Let’s see now, what else is going on?  Of course, there are many things happening in the world, as is always the case, and many of those things seem and feel quite momentous to the people who see them or experience them.  From a certain point of view, they are indeed important, of course.  But I imagine that the average Roman citizen often thought that the momentary political happenings in their world were the be-all and end-all, and now we don’t even know what those concerns (or who those citizens) might have been.

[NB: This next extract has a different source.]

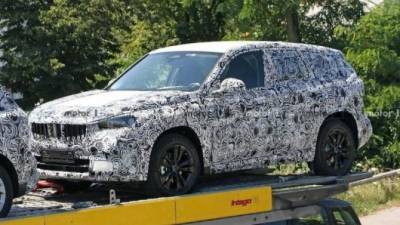 В Германии испытывается обновлённый BMW X1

Mind you, if their concerns related to the incoming Vandals and Visigoths and Huns and so on, I suppose they might have been at least somewhat justified in their belief that pivotal events were taking place.  But such times were narrow and few, relative to the “uninteresting times” in between.

Nowadays, of course, there are no actual external invaders coming in (though various propagandists might say there are).  Alas, in the modern world, we have met the Vandals, and they are us.

I almost feel that should have read “they are we”, but it might be taken as implying they are tiny, as in “they are wee”***.  Also, I wanted to throw a little homage to the famous Pogo cartoon in which Pogo originally said, “We have met the enemy and he is us.”

With that, I will call this blog post to a close today.  I hope you all remember and embrace what we’ve accomplished here (basically nothing, as far as I can tell).  I also continue to hope that you all have an objectively good day.


*Weirdly enough, the full term is “eau de cologne” which I think is French for “water of Cologne”.  This is a curious term which must be quite historically contingent.  It must also be quite exaggerated, because I very much doubt that the water in the city of Cologne has any particularly attractive and pleasant odor.  Perhaps I’m wrong.

**There was even ASD, meaning Atrial Septal Defect, on that side of the family, which I had too, requiring open-heart surgery when I was 18.  It is an interesting fact that the cardiac ASD is more common in people with the neurodevelopmental ASD, as is cavum septum pellucidum, a benign atypia in the space between cerebral hemispheres, which was found in me incidentally while I was being worked up for, I think, the cause of some then-occurring pituitary dysfunction.

***Or that they are urine, I guess, which would be a more acceptable misunderstanding.